The post from @jofas above has some good guidelines and links to resources on that. But I don't know of any "official" guidelines.

I'm on libs-api. There is no official guidance written down anywhere. Only judgment. You need to look at each API holistically and how it is commonly used. A UTF-8 invariant usually needs to be checked on user given data, and so panicking by default wouldn't be appropriate. But, for example, split_at requires an index, and if that index is invalid, that usually indicates a bug somewhere in the program rather than invalid user input. But neither of these things are always true. But you need to look at the typical cases.
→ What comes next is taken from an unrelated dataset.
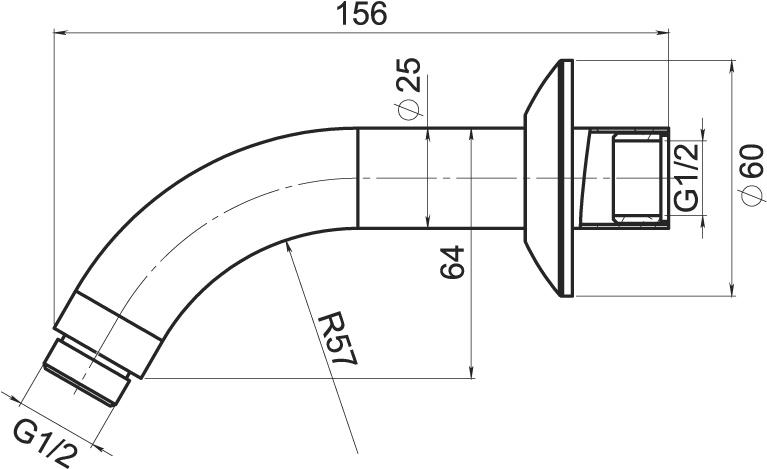 NOVASERVIS sprchové rameno 156 mm, nástěnné, chrom RAM200,0 Technický nákres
With all that said, I do think there is probably a general and reasonable desire for non-panicking variants of functions like split_at, and providing them (in addition to panicking versions) is probably not a bad idea. But panicking conditions aren't always so simple.

4 Likes

The vibe I try to stick to is asking questions like

  • How difficult is it to check the precondition before calling this function?
  • How common is it to incidentally have checked the precondition before calling this function?
  • How likely is it to call the function without already expecting the precondition to be true?
  • How much of the work is the precondition check compared to the other functionality?
  • How independent is the precondition check from the other functionality?
  • Is there useful information to provide in the error case? Do I naturally have it from the check or is it extra work to collect?
  • Is precondition failure generally a code/flow issue or a data issue?
  • Do either the check or main functionality require taking resource ownership from the caller that is difficult (or even just awkward) to refund?
  • If a user doesn't like my checks, would that incentivise them to just avoid the abstraction entirely?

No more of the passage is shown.